From 5347c2c71c782d04fc2023504f58dc52c2369187 Mon Sep 17 00:00:00 2001
From: eldar702 <eldarshlomi7@gmail.com>
Date: Sun, 19 Apr 2026 11:08:45 +0300
Subject: [PATCH] fix(searcher): clamp effective_distance to valid cosine range
 [0, 2]
MIME-Version: 1.0
Content-Type: text/plain; charset=UTF-8
Content-Transfer-Encoding: 8bit

``search_memories`` computes ``effective_dist = dist - boost`` where
``boost`` can be as large as ``CLOSET_RANK_BOOSTS[0] == 0.40`` for a
rank-0 closet hit. When the raw drawer distance is small — any
near-exact match — the subtraction goes negative.

Two downstream effects:

1. Line 418 returns ``round(max(0.0, 1 - effective_dist), 3)`` as
   ``similarity``. With ``effective_dist = -0.30`` that yields
   ``similarity = 1.30``, outside the documented ``[0, 1]`` range.
   The ``max(0.0, ...)`` only prevents negative similarities; it does
   not cap above 1.
2. Line 427 stores ``_sort_key: effective_dist`` and line 435 sorts
   ``scored`` ascending by that key. A negative key drops *below* the
   rest, so the strongest hybrid matches end up sorting after weaker
   ones — ranking inversion under the exact conditions hybrid retrieval
   is supposed to serve best.

Clamp ``effective_dist`` to the valid cosine-distance range ``[0, 2]``.
The boost still wins (closet-backed hit still ranks first), it just no
longer flips the order.

Test added: mock drawer_col (base dist 0.08 / 0.35 for two sources) +
closet_col (rank-0 closet for the 0.08 source) → assert all hits have
``0 <= similarity <= 1`` and ``0 <= effective_distance <= 2``, and that
the closet-boosted source still ranks first.

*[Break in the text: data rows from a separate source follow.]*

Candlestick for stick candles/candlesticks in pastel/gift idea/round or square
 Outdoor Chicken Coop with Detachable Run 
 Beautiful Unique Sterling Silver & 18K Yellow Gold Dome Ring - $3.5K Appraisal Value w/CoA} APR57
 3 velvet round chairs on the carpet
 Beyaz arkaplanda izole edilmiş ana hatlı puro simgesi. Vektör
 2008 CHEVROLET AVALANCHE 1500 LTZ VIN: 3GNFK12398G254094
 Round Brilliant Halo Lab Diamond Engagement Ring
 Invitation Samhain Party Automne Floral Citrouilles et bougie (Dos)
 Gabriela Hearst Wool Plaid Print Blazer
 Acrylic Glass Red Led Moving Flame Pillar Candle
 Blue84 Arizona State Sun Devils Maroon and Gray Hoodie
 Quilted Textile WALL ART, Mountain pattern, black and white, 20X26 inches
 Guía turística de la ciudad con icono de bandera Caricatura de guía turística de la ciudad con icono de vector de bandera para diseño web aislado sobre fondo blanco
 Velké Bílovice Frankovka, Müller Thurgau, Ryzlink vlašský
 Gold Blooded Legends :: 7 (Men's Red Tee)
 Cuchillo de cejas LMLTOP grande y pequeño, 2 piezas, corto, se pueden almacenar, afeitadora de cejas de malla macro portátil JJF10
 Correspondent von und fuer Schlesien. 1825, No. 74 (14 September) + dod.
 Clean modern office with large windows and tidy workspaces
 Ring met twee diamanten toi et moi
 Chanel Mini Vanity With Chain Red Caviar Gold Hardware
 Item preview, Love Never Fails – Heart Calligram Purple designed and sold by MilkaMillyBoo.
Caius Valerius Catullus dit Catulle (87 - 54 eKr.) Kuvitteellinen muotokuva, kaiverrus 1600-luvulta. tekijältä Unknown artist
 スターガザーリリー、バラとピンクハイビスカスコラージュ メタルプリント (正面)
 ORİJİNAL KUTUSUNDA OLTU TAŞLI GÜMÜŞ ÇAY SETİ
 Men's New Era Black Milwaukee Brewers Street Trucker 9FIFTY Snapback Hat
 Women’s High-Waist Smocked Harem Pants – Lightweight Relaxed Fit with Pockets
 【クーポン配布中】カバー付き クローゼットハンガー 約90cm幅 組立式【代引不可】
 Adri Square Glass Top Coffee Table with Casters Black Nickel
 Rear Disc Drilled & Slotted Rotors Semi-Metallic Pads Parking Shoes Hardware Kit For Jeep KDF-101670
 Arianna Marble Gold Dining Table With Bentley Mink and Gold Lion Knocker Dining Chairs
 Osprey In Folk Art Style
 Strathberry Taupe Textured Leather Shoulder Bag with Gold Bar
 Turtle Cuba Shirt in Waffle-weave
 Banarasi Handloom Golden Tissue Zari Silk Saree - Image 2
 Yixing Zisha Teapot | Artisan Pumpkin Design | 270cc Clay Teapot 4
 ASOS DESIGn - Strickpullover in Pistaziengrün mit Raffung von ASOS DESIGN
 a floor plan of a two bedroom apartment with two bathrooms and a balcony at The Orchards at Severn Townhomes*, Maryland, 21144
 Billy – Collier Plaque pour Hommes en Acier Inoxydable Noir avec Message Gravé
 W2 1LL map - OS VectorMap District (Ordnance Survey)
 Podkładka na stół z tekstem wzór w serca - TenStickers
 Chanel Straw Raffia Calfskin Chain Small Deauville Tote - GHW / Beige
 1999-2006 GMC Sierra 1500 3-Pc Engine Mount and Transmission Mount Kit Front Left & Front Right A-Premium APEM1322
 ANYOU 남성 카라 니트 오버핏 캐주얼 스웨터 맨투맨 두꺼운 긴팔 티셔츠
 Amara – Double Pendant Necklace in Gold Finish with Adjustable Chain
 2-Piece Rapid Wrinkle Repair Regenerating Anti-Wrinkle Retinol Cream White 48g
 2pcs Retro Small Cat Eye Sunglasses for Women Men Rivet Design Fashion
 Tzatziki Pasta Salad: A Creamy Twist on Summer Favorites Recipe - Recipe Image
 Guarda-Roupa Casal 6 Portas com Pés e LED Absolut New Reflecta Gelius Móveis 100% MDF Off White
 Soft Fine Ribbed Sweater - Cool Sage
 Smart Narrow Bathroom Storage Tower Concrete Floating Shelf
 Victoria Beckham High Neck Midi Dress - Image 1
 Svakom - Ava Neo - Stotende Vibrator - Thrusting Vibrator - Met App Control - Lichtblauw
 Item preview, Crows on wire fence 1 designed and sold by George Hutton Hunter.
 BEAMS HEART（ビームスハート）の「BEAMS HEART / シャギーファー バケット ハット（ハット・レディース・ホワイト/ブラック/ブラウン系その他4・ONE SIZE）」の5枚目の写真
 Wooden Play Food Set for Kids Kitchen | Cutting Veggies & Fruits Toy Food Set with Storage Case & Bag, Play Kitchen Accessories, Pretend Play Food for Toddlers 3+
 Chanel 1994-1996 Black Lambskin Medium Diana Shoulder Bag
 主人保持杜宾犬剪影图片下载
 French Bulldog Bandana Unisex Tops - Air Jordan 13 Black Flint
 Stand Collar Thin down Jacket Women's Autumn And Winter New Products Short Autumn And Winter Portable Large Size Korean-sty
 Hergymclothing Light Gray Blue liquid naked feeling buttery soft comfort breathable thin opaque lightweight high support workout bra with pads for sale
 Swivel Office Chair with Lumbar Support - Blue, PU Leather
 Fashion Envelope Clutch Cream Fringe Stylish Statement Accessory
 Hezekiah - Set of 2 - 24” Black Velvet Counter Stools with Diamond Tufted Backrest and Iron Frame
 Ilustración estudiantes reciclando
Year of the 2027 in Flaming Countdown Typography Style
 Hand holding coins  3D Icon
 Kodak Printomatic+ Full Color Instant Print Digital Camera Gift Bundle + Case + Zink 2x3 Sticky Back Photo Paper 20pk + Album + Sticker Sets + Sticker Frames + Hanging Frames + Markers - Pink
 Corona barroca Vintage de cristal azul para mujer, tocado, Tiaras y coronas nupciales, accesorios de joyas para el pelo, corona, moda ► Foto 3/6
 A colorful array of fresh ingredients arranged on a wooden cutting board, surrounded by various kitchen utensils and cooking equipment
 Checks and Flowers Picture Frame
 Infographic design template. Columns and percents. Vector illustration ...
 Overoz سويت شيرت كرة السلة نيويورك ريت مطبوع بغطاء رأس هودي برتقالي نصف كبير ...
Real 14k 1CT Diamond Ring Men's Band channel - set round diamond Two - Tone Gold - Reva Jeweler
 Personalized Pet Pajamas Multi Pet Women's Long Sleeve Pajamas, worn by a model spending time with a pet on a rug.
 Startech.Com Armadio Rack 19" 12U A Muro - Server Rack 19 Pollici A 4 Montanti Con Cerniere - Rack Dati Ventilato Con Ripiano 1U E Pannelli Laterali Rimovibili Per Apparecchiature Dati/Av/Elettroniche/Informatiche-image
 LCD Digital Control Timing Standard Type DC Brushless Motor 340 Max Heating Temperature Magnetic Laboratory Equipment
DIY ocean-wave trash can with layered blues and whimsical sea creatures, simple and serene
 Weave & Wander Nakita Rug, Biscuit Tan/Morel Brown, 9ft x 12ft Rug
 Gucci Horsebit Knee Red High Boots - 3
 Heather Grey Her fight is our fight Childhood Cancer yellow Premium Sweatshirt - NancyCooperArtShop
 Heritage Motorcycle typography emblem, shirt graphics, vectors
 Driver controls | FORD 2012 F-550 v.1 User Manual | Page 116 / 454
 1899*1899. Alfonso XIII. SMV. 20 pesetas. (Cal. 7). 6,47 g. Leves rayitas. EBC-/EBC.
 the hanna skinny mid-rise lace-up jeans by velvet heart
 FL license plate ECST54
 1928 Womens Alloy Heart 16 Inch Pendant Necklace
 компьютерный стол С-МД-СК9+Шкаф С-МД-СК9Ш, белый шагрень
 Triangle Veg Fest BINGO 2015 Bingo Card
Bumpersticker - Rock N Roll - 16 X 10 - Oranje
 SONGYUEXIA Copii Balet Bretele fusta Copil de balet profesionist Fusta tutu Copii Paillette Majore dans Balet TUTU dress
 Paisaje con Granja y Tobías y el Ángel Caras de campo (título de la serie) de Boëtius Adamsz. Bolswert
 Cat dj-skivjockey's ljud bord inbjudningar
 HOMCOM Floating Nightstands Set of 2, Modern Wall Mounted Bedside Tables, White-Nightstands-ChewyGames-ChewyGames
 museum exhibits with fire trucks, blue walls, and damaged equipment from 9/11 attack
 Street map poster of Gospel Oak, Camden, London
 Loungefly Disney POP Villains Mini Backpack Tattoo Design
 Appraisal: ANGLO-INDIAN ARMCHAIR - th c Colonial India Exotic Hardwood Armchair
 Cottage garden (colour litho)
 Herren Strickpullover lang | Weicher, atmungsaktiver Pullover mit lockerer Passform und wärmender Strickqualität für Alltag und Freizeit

Relationship to other PRs:

* **#988** clamps the output ``similarity`` alone. That does not fix
  the sort-key inversion or the invalid ``effective_distance`` in the
  returned dict. This PR clamps at the arithmetic source so both
  downstream users of the value stay in range.
* Orthogonal to **#979** (``tool_check_duplicate`` negative similarity).
---
 mempalace/searcher.py  |  7 +++++-
 tests/test_searcher.py | 57 ++++++++++++++++++++++++++++++++++++++++++
 2 files changed, 63 insertions(+), 1 deletion(-)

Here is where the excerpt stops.